A nurse is assessing a client who has hypermagnesemia. Which of the following medications should the nurse prepare to administer?
- A. Protamine sulfate
- B. Acetylcysteine
- C. Calcium gluconate
- D. Flumazenil
Correct Answer: C
Rationale: The correct answer is C: Calcium gluconate. In hypermagnesemia, there is an excess of magnesium in the blood, leading to muscle weakness, cardiac arrhythmias, and respiratory depression. Calcium gluconate is the antidote for hypermagnesemia as it works by antagonizing the effects of magnesium. By administering calcium gluconate, the nurse can help reverse the symptoms associated with hypermagnesemia and restore normal calcium levels in the body. Protamine sulfate (Choice A) is used to reverse the effects of heparin, acetylcysteine (Choice B) is used as an antidote for acetaminophen overdose, and flumazenil (Choice D) is used to reverse the effects of benzodiazepines. These medications are not indicated for hypermagnesemia.
A home health nurse is visiting a client who has heart failure and a prescription for furosemide. The nurse identifies that the client has gained 2.5 kg (5 lb.) since the last visit 2 days ago. Which of the following actions should the nurse take first?

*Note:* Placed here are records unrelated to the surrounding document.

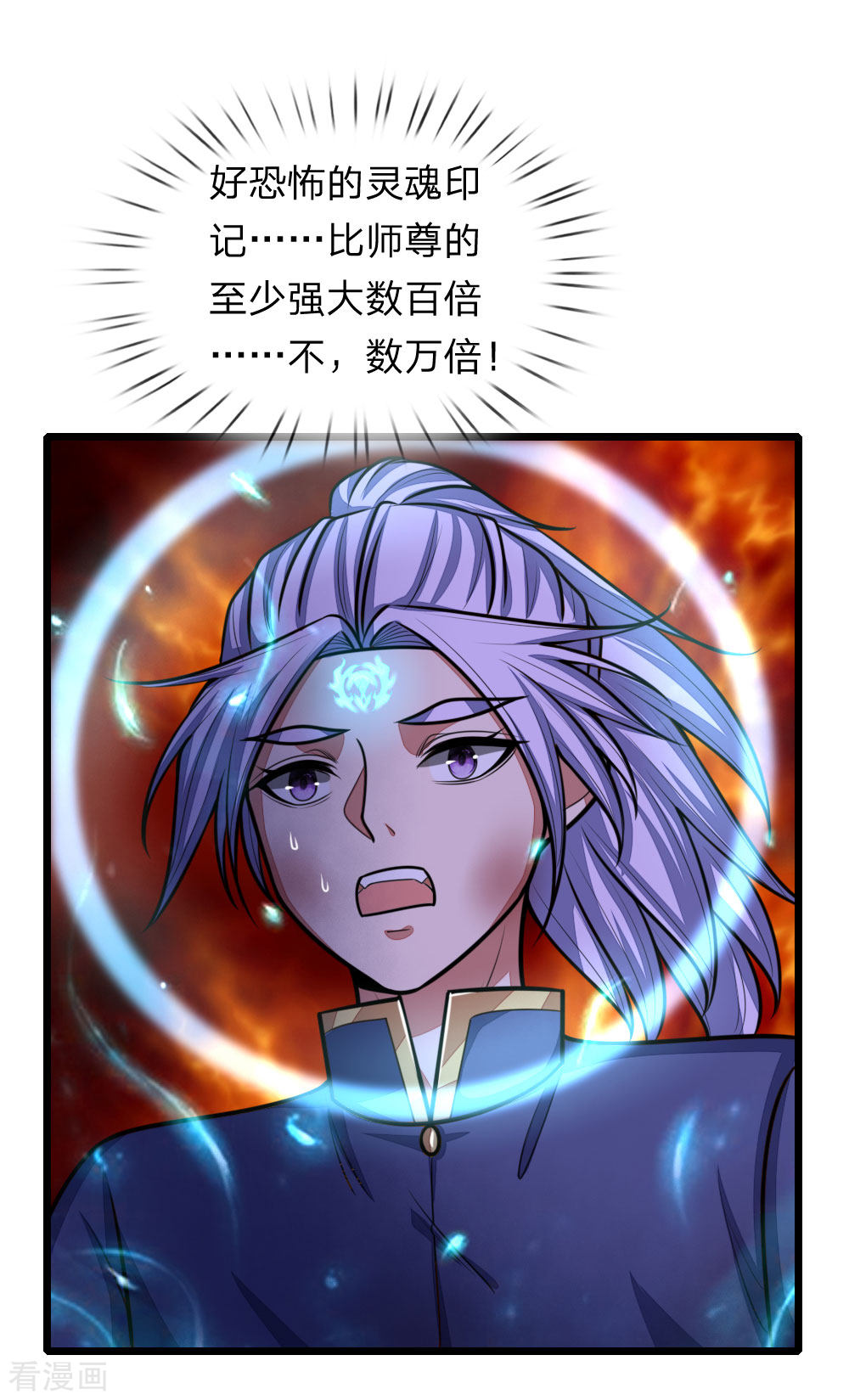 神武天尊151话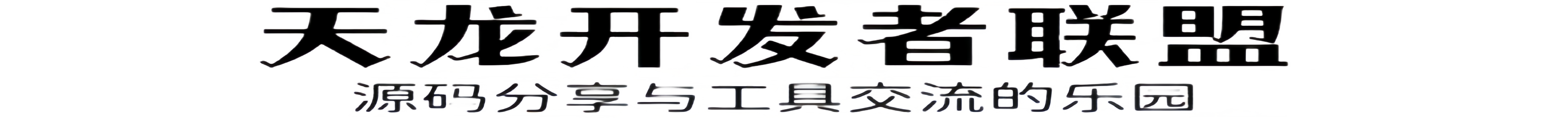 天龙开发者联盟 - 天龙八部私服开发与源码分享社区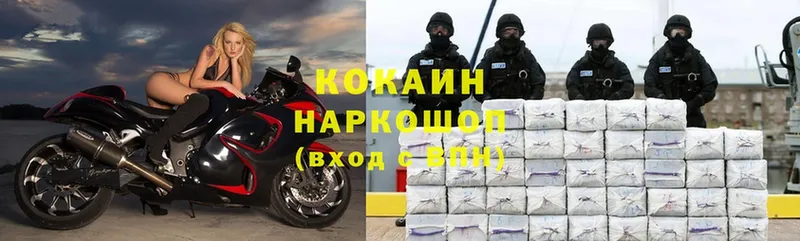 Cocaine 98%  MEGA ССЫЛКА  Когалым 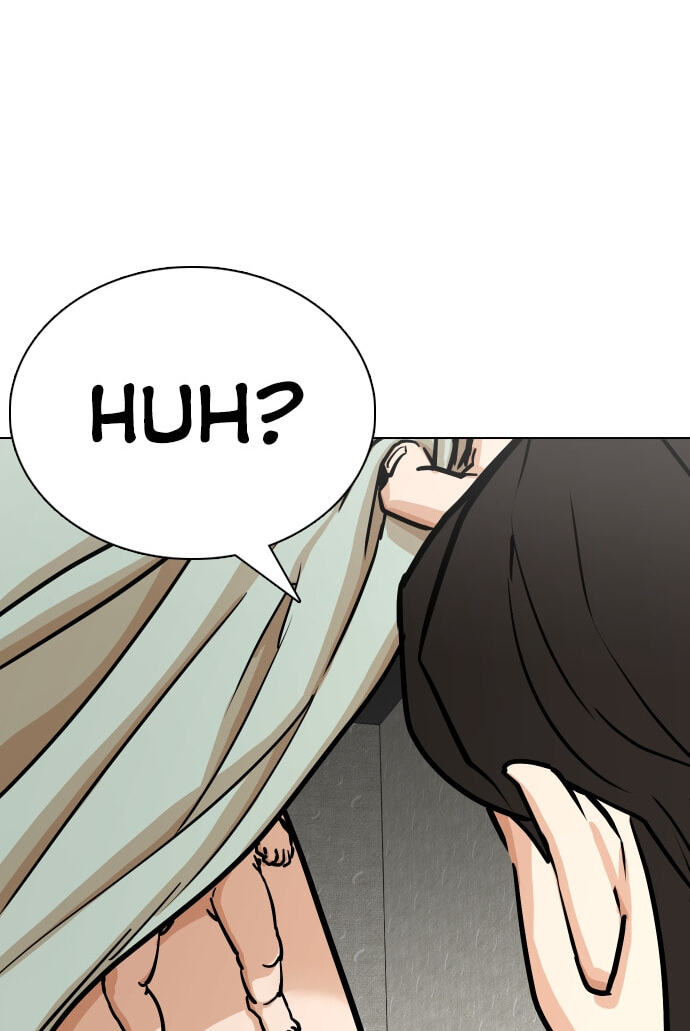 Desire Diary - Deep Chapter 22 page 65 -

- A. Encourage the client to dangle the legs while sitting in a chair
- B. Teach the client about foods low in sodium
- C. Determine medication adherence by the client
- D. Notify the provider of the client's weight gain
Correct Answer: D
Rationale: The correct answer is D: Notify the provider of the client's weight gain. This is the first action the nurse should take because sudden weight gain in a client with heart failure could indicate fluid retention, which may worsen the client's condition. By notifying the provider, the nurse can ensure timely intervention to adjust the medication or treatment plan. Encouraging leg dangling (A) may help with circulation but does not address the immediate concern of weight gain. Teaching about low-sodium foods (B) is important for long-term management but not the priority at this moment. Determining medication adherence (C) is important but should come after addressing the immediate weight gain issue.
A nurse is reviewing a client's 0800 laboratory values at 1100. The nurse notes that the client received heparin at 1000. Which of the following laboratory values warrants an incident report?
- A. ePTT 90 seconds
- B. Hgb 16 g/dL
- C. INR 1.6
- D. WBC 6,000/mm3
Correct Answer: A
Rationale: The correct answer is A: ePTT 90 seconds. This value indicates a higher than normal clotting time, which could potentially lead to bleeding complications due to excessive anticoagulation from heparin. The other values (B, C, D) are within normal ranges and do not indicate an immediate risk or adverse outcome related to heparin administration. An incident report is necessary to document and address the elevated ePTT to ensure appropriate interventions are taken to prevent harm to the patient.